Description of the task — Give back exactly the lines from the one holding "Unisex Cvc Three-Quarter" to the last line of the entries, both included, and nothing more.
╔══
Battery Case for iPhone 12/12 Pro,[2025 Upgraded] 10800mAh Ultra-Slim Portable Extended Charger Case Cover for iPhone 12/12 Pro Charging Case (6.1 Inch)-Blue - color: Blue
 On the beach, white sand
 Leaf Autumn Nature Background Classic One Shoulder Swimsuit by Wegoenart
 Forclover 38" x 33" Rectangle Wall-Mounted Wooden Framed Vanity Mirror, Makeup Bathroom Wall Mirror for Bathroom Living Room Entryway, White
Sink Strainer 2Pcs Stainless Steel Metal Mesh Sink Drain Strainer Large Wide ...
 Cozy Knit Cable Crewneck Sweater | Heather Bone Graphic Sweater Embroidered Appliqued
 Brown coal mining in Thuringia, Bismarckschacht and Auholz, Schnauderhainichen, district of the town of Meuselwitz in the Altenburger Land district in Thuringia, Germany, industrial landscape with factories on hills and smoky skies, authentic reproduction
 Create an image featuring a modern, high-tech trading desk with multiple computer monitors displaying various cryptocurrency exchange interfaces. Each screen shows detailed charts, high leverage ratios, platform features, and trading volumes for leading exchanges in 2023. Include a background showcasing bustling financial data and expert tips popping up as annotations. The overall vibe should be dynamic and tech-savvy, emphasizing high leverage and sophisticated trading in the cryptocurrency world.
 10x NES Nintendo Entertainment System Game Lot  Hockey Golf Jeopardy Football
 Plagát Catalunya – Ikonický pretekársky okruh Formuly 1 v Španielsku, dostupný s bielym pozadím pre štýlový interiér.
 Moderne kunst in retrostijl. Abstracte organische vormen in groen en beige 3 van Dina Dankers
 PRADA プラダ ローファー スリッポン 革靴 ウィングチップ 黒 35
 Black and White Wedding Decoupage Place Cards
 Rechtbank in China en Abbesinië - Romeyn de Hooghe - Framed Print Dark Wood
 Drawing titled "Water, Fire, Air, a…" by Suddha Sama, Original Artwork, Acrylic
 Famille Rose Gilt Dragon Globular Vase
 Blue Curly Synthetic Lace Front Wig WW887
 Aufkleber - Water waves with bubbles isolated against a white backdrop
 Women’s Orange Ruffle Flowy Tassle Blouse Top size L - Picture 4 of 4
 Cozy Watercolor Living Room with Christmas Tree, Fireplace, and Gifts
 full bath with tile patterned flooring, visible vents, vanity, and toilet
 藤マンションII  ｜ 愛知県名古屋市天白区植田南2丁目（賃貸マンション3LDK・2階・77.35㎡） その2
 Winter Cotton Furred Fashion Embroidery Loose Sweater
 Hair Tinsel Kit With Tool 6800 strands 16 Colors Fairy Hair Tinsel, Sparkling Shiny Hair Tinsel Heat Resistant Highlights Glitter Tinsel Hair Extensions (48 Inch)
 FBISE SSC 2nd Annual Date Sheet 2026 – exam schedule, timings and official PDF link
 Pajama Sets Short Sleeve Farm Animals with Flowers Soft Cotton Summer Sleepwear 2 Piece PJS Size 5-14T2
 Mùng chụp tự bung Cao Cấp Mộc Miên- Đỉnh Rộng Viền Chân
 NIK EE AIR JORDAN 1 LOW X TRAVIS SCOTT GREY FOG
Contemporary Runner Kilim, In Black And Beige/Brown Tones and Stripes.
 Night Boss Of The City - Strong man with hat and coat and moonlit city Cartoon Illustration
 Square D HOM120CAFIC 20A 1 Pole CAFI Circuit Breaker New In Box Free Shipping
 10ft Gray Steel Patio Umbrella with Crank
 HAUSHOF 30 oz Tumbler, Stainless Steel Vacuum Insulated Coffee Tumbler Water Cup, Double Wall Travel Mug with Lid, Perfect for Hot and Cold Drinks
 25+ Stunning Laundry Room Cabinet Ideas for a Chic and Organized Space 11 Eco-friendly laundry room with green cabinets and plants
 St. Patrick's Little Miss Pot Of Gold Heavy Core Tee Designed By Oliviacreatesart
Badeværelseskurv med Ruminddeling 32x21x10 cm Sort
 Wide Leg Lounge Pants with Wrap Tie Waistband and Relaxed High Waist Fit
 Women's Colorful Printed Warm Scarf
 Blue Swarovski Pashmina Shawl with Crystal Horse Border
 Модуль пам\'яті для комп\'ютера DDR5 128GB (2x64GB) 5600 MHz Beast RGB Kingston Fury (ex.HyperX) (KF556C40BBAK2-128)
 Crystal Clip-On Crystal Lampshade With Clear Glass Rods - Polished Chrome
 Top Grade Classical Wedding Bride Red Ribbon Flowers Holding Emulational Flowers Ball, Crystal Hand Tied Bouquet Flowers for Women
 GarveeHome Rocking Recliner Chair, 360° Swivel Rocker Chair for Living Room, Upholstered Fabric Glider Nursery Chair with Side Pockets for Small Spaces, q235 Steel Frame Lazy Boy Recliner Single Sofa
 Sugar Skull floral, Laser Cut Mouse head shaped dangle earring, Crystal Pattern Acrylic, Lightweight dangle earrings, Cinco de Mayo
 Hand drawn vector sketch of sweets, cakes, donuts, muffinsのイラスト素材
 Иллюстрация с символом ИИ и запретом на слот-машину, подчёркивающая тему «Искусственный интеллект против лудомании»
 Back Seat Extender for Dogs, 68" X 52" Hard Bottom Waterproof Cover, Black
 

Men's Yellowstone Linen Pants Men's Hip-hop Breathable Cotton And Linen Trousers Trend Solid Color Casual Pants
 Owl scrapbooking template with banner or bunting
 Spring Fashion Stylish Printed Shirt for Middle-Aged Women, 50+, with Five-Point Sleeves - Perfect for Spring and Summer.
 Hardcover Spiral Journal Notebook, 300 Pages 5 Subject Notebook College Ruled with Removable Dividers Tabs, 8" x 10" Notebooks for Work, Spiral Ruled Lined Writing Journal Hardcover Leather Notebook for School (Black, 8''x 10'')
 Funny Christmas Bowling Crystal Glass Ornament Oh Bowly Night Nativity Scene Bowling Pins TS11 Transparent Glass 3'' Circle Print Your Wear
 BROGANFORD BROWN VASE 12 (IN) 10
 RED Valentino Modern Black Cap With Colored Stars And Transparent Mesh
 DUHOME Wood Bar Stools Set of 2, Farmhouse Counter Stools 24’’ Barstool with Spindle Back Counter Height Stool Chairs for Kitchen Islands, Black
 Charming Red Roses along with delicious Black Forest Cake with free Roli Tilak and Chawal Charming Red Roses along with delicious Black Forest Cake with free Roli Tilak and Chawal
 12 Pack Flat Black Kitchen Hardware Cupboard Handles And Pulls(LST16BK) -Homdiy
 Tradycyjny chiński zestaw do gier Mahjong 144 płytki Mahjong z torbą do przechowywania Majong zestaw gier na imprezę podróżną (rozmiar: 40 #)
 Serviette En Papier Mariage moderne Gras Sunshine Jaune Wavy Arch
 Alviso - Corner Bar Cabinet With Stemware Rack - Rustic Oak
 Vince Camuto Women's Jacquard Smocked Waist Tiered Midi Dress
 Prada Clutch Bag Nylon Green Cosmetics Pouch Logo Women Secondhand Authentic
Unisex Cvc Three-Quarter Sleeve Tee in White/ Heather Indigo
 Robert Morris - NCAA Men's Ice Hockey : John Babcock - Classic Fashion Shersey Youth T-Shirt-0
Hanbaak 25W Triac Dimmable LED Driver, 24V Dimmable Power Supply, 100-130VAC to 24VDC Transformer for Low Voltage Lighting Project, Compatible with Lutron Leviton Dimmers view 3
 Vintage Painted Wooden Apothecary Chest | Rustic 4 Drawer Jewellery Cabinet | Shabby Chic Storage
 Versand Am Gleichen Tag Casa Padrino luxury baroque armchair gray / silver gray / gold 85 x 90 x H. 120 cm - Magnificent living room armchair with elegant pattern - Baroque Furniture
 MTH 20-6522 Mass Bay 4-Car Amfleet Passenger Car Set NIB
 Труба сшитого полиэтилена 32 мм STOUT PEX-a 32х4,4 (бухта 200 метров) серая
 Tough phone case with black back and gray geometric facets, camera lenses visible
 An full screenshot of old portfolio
╚══
Response to this exercise —
Unisex Cvc Three-Quarter Sleeve Tee in White/ Heather Indigo
 Robert Morris - NCAA Men's Ice Hockey : John Babcock - Classic Fashion Shersey Youth T-Shirt-0
Hanbaak 25W Triac Dimmable LED Driver, 24V Dimmable Power Supply, 100-130VAC to 24VDC Transformer for Low Voltage Lighting Project, Compatible with Lutron Leviton Dimmers view 3
 Vintage Painted Wooden Apothecary Chest | Rustic 4 Drawer Jewellery Cabinet | Shabby Chic Storage
 Versand Am Gleichen Tag Casa Padrino luxury baroque armchair gray / silver gray / gold 85 x 90 x H. 120 cm - Magnificent living room armchair with elegant pattern - Baroque Furniture
 MTH 20-6522 Mass Bay 4-Car Amfleet Passenger Car Set NIB
 Труба сшитого полиэтилена 32 мм STOUT PEX-a 32х4,4 (бухта 200 метров) серая
 Tough phone case with black back and gray geometric facets, camera lenses visible
 An full screenshot of old portfolio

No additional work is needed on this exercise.